# New Tillandsia



## schmiggle (Sep 26, 2016)

I picked this feller up today:



I think it's _T. xerographica_, but please correct me if I'm wrong.  I'd like to make sure on care--dunk it in water every 2-3 weeks, mist twice a week or every other day, always let it dry out after watering, give it bright light?  From what I read, xerographica grow naturally on the tops of trees in relatively dry areas, so they should get more light and less water relative to "average" tillandsia, and maybe need to be misted and watered less often?  I assume the greyish stuff on the leaves is sun protection, like in olive trees.


----------



## Ranitomeya (Sep 27, 2016)

Sure looks like Tillandsia xerographica. You can dunk it in the water for an hour or so once a week and mist it lightly a few times a week. Just make sure that any water on it dries within a few hours so that the plant can breathe. If you keep it too wet, it won't be able to obtain oxygen and will drown, die, and rot. Make sure that you do not allow stagnant water to sit in the leaf axils, or spaces between the leaves. It's often recommended to mount them or place them on their sides so that there's no chance of water sitting in their axils, but you can just dump out the excess water after watering to prevent it from rotting. Give it bright light, but depending on how it was grown before you obtained it, you may want to give it bright indirect lighting for some time before gradually moving it into much brighter direct sunlight. If it was a plant grown under shade cloth or kept in lower lighting prior to purchase, putting it right under direct sunlight will probably sunburn the leaves and kill it.
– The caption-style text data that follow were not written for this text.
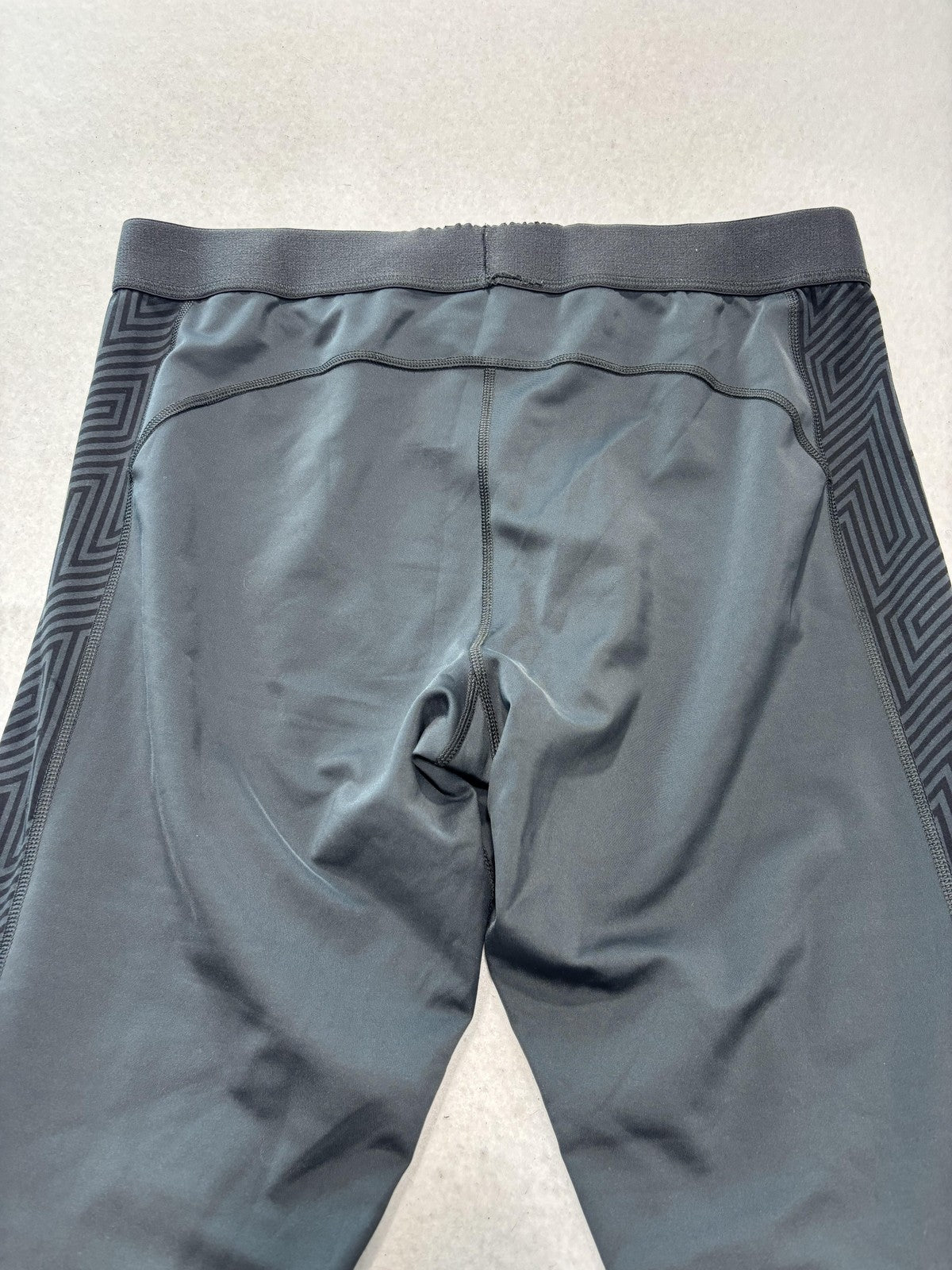Adidas Leggings Mens XL Gray Techfit Compression 3/4 Length Athletic Running
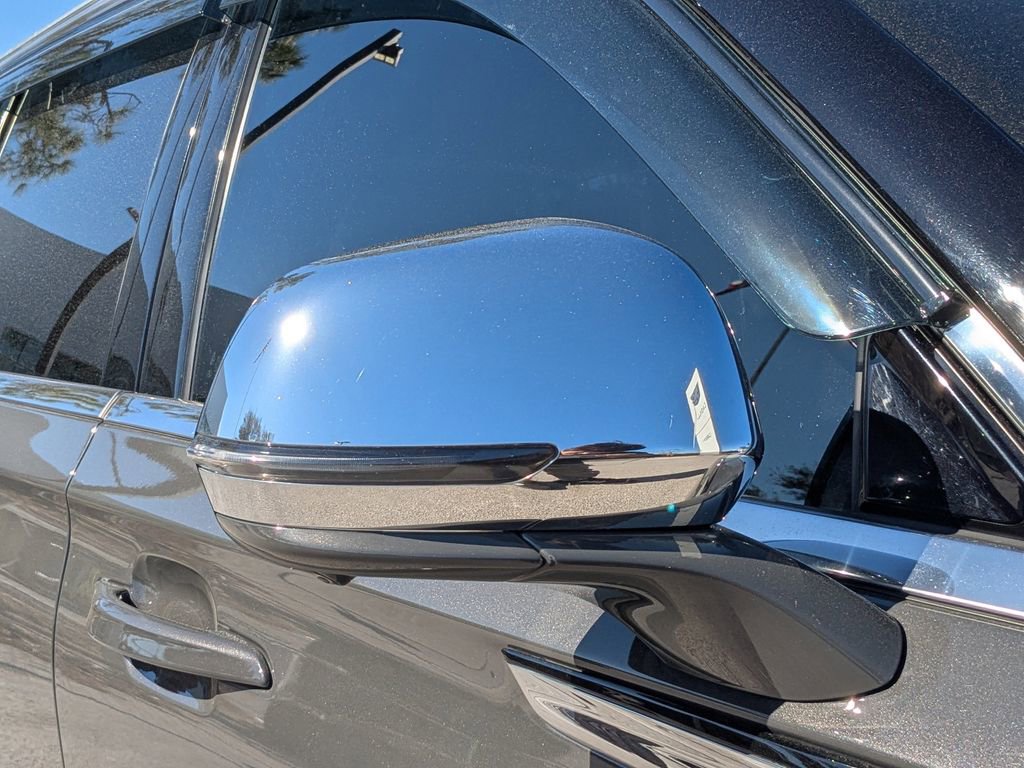 Used 2022 Lincoln Aviator Black Label Grand Touring w/ Class IV Trailer Tow Package image 11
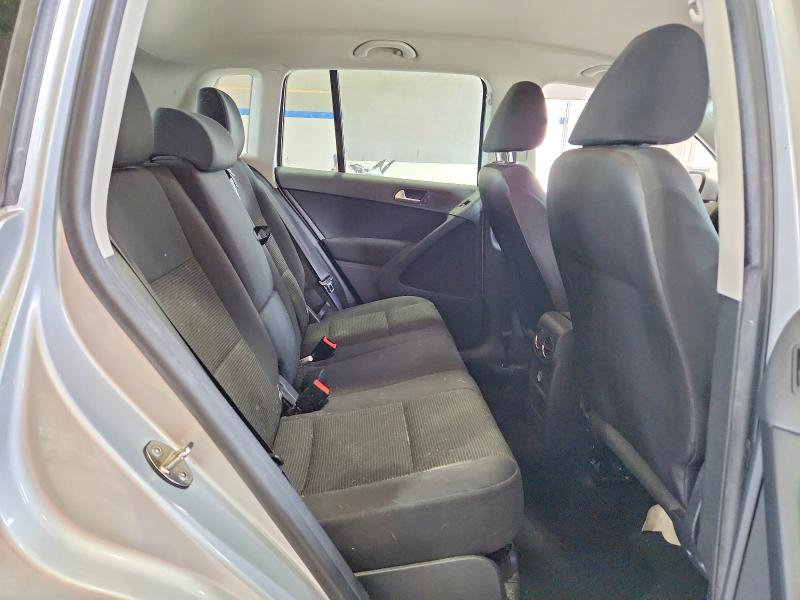 54671026 :رقم المزاد ، WVGBV3AX4DW565728 vin ، 2013 Volkswagen Tiguan مزاد بيع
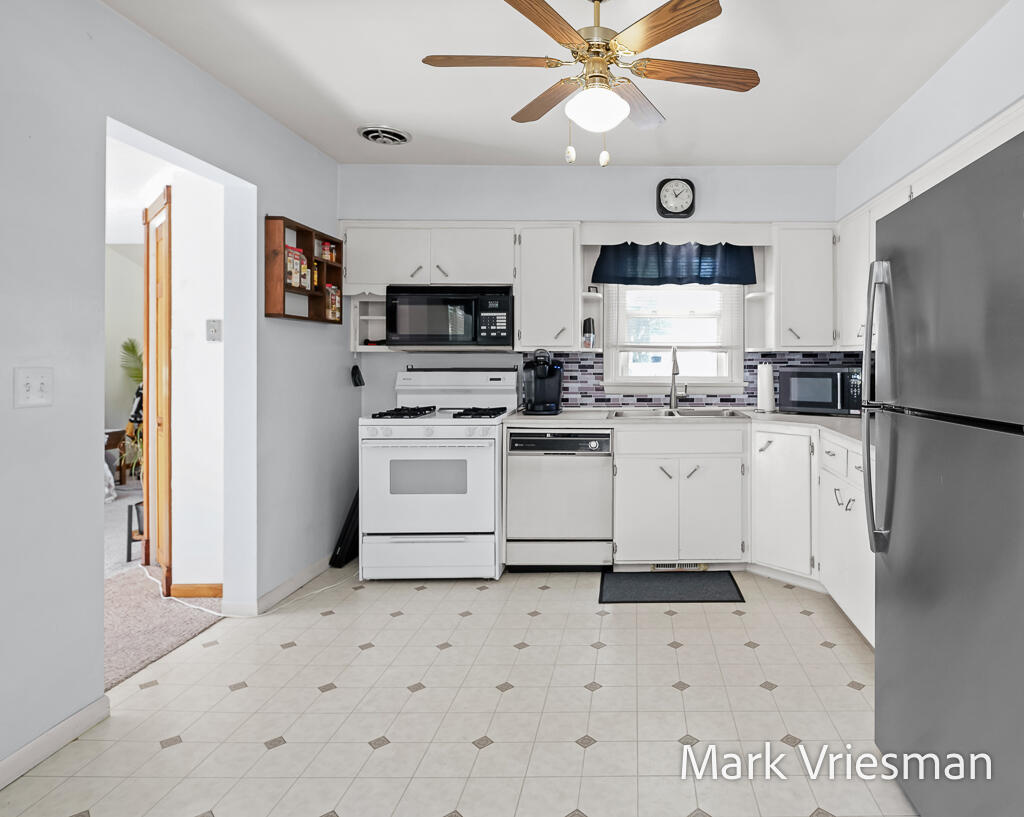3125 Coolidge Road Muskegon MI 49441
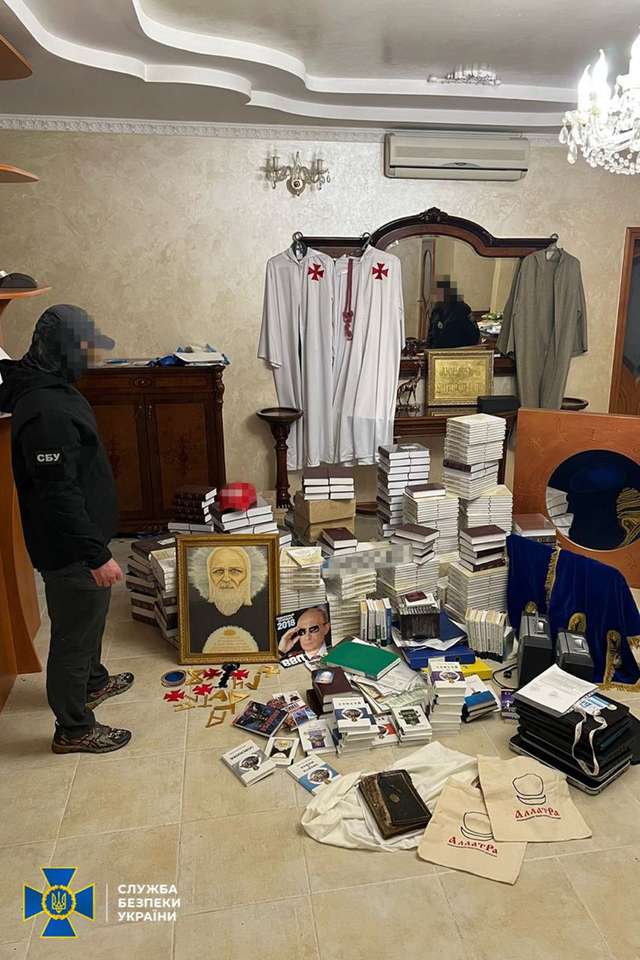 Російським пропагандистам з секти «АллатРа» загрожує до 15 років ув'язнення_7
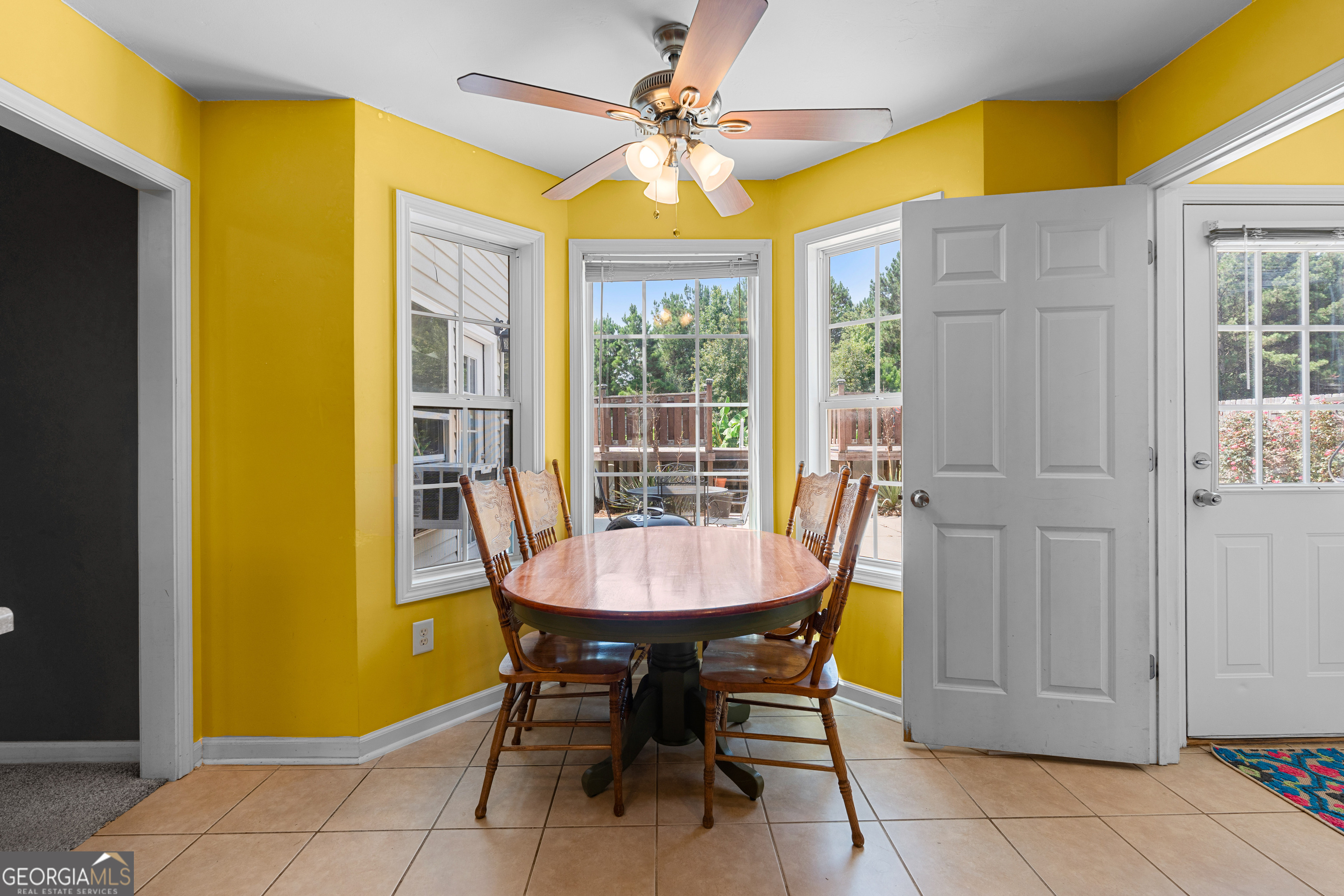 141 Mathews Road Milner, GA 30257 - Photo 13 of 49 Breakfast Nook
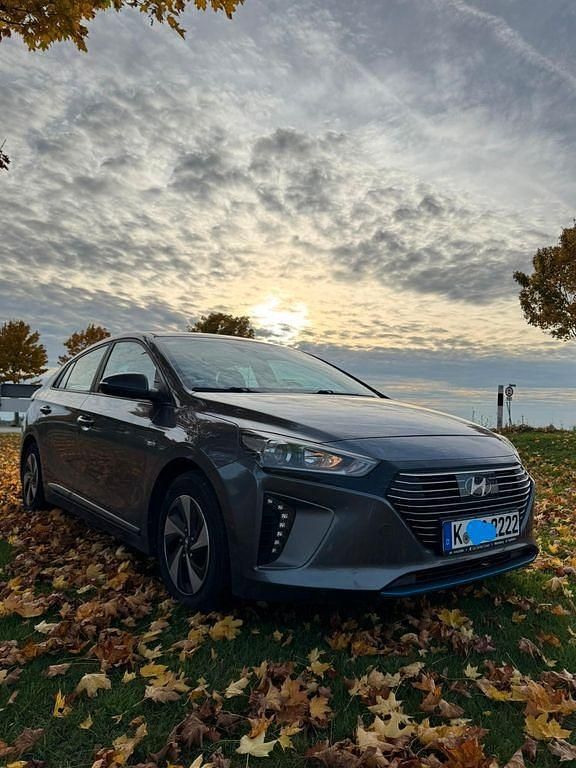 Grau Gebraucht 2019 Hyundai Ioniq Kleinwagen | 12.400 € (Guter Preis) - Bild 1/4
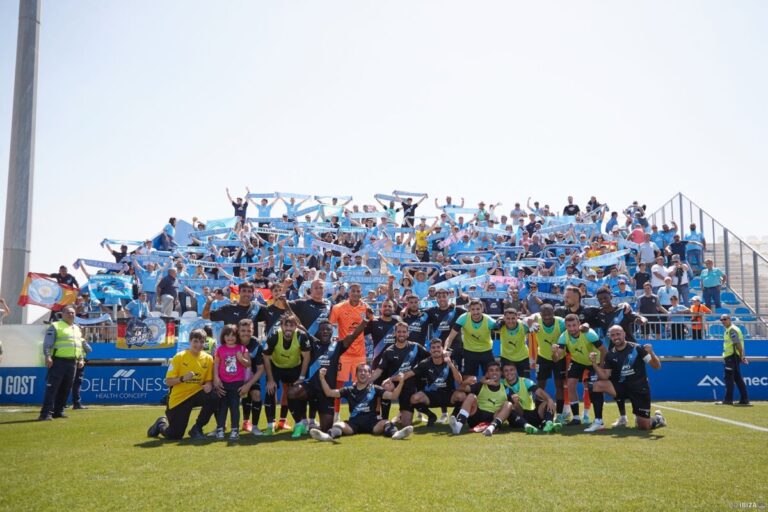 La UD Ibiza celebrando la victoria con su afición.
In xeric Tillandsias, the grayish covering is composed of trichomes which serve to both reflect some excess electromagnetic radiation and to aid in the retention of a film of water that the plant can slowly take in. If the leaves didn't have the trichomes and were waxy or smooth, the water would run off quickly and the plant would not be able to absorb enough water to survive in a dry environment. Some Tillandsias are waxy or smooth and those are usually species found in wet environments where the problem is not low amounts of moisture, but excessive amounts of moisture--the decreased retention of water on the leaf surfaces would prevent them from staying too wet and becoming susceptible to rot and death.

Reactions: Informative 1


----------



## schmiggle (Sep 27, 2016)

Thanks Ranitomeya!  Two questions: first of all, could I dunk it more often and not spray?  Second, is there a way to tell if it isn't getting enough light?


----------



## Tleilaxu (Sep 27, 2016)

Why would you always dunk it? Isn't the fun of having these to get them to "root" and attach to cool mounts as a display piece? Seems like in impossibility it you keep detaching then for a dunking...


----------



## Ranitomeya (Sep 27, 2016)

Most Tillandsias, including xerographica, rarely root past the seedling stage, so they have to be glued or attached some other way to be permanently mounted. Most people just rest them in a secure position so that they can be removed for thorough hydration. You can get away with not misting them and just dunking them twice a week, but keep in mind that Tillandsias that are too dry will not as frequently open their stoma, the pores through which they exchange gasses and through which moisture is lost, and as a result will not have as much carbon dioxide for photosynthesis during the daylight hours. Stoma are only opened when the plant has enough moisture or humidity to avoid excessive water loss during gas exchange and in Tillandsias, it is typically done at night when they'll store carbon dioxide in the form of an acid for use during the day. In my experience, Tillandsias that have regular misting do better than ones that are dunked every once in a while since they effectively cease growth between waterings. Also keep in mind that dunking them too frequently is more likely to lead to rot than misting them frequently.

Reactions: Informative 2


----------